The story above the cornice repeats nearly, though not quite, its divergence from the horizontal. With regard to the roof line of the main building it is not quite so easy to determine, but of the transepts it is certain that the roof lines follow the obliquity of the cornice, and that the obliquity of cornice in both transept and main building is owing to the arrangement of masonry courses.



Figure IV. presents a partial ground plan of the Cathedral, showing a curve of the southern wall at its western extremity. As already noted, the cathedral is surrounded by a pavement delicately sloped and graded; this pavement is decorated with a black stripe running beside the wall. Its corresponding curve furnishes at this spot proof of design in the curve of the wa.ll; for its component blocks are cut and fitted at the necessary angles. (See figure IV., 2.) It is evident that this change in the direction of the southern wall, amounting to twenty-eight centimeters, gives an effect of greater width to the whole church to anyone standing within and near the entrance door, for the standard of the nearer part is always taken by the eye as a standard for the whole. From any point of view outside, south of this portion of the southern wall, the wall is nearer tban the eye believes it, appears larger, and gives a false standard for more distant parts.
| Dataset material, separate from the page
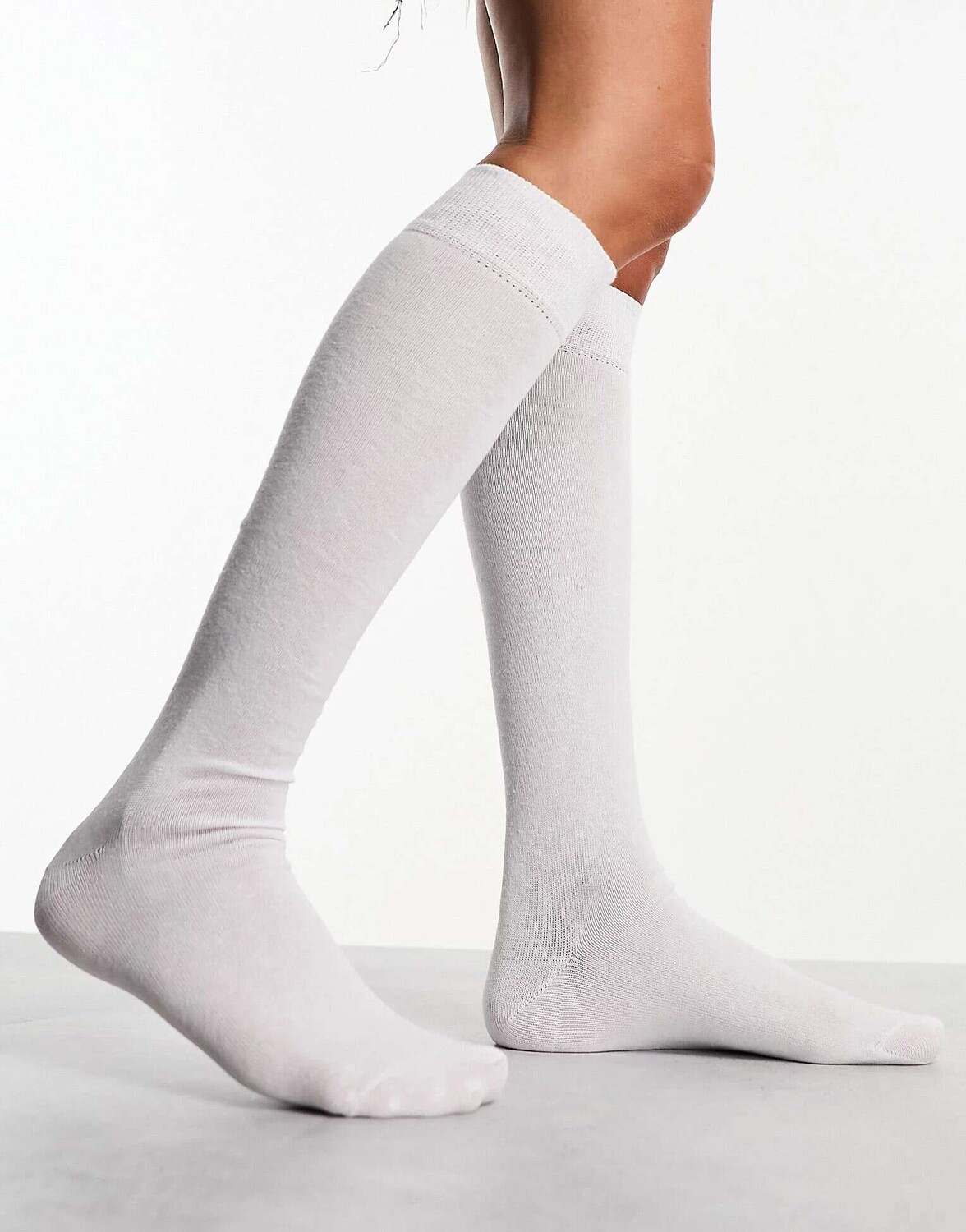 

Белые носки в рубчик ASOS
Is there not an architectural illusion produced by these irregularities aside from the apparent increase of material size, and, if so, was this fact recognized on pripciple by architects in Pisa ? That variety in corresponding parts, and deviations from strict symmetry are the soul and the life of all decorative art and all architecture, is a fact which no aesthetically trained person pretends to ignore; as little will any such one deny that herein lies the superiority of the Greek temple and the medieval church over all modern copying and supposed imitation. I have, however, evidence to show that not only was this law of "life " a recognized principle of building in Pisa to an extent undreamed of even by its most ardent advocate, - Mr. Ruskin in the " Seven Lamps,"- but that a still more subtle effect was habitually studied. Say, for instance, that an observer stands opposite the oblique cornice of the Pisa Cathedral at the point where it appears to be horizontal. With an ordinary building, the point where its horizontal lines are not subject to perspective obliquity is exactly opposite the center. As there is an actual obliquity in the line of the cornice in question, it will not appear horizontal unless the observer stands at some distance to the right of the real central point (in looking at the southern wall) and here there is a marked inequality in what, from the horizontal cornice line, the eye supposes to be two equal halves of the building. I have assumed that the spectator stands at the point where the oblique cornice appears horizontal, in order to illustrate plainly the optical contradictions between apparent fact and actual appearance - but these must exist from any point of view in which the cathedral is seen. Is there not in a building so constructed an architectural illusion springing from this mystification of the eye.



Mystification of the eye is the secret of all "life " in art, is the secret of the charm which the variations of the Greek scroll-work, of the arabesque pattern, of the medieval detail, from dead symmetry have for all of us. Here the whole building is made to vibrate in an architectural illusion of the same character. On me, at least, the Pisa Cathedral, as seen from the Lucca railroad, made the effect of a ship under sail.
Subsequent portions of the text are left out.